The rhubarb is ready and always a treat in the prairies as it is the very first food out of the ground, followed by asparagus.
Oatmeal Rhubarb pudding
1 1/2 lbs. rhubarb, more or less depending on your pan size
1/4 c. sugar
1/4 tsp. cinnamon
1/2 c. shortening
1/2 c. brown sugar
1/2 tsp. vanilla
1/2 c. milk
1/2 c. rolled oats
1/2 c. flour
2 tsp. baking powder
1/4 tsp. salt.
Wash and chop rhubarb into apprx. 1” lengths. Arrange at the bottom of the greased baking dish and sprinkle with sugar and cinnamon. Cream shortening, add the sugar and beat until well blended. Add beaten egg and vanilla. Mix well. Mix rolled oats, flour and baking powder and salt and add alternately with milk to the first mixture. Pour this over the rhubarb and bake at 350’F for 40 minutes.
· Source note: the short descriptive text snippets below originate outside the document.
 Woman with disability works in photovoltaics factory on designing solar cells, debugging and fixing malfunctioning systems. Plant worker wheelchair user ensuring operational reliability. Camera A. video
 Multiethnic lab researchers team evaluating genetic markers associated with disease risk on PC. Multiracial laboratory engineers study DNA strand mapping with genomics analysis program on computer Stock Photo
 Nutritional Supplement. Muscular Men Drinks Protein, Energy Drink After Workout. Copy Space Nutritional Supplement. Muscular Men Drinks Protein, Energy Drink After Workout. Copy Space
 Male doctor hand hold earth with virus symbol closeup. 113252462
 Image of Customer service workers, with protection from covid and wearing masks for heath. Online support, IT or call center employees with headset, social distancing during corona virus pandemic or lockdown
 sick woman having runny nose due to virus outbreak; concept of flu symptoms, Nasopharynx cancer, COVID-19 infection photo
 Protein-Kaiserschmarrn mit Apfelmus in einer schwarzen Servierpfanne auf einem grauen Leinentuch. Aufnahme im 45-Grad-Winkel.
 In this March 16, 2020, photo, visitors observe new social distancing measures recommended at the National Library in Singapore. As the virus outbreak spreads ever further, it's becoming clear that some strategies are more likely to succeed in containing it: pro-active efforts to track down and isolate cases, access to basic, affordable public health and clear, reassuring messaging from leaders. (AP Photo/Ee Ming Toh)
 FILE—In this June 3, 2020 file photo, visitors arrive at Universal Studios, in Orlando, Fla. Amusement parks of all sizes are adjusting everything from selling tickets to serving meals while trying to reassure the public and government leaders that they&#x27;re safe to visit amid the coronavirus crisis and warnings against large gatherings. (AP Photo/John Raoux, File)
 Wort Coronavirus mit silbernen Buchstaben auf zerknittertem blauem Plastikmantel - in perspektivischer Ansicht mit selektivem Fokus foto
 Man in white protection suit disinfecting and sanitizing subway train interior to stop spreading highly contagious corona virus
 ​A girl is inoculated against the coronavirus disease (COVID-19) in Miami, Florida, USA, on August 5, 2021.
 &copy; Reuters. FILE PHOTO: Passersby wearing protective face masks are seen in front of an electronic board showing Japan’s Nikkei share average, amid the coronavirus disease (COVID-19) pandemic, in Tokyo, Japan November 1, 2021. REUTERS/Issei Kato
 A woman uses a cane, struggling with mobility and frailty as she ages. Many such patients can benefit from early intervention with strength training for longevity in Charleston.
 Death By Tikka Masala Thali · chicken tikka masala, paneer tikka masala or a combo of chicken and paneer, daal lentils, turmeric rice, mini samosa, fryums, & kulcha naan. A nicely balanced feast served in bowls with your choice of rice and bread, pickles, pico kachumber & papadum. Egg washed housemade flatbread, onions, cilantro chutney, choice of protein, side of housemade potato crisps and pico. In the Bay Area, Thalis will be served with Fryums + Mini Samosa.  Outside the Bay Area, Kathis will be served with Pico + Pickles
You can easily substitute any fruit in season. Try apple, peaches, berries or whatever you like. Serve warm with a little cream.
I made a soup today with chopped asparagus, potato and carrot cooked in chicken broth. Add a little salt and pepper and blend with a hand blender when cooked. A pleasant soup with seasonal vegetable and potatoes which are not at their best this time of the year. Non-dairy and non-gluten and tasty as well. Try a little chopped parsley or/and chives on top.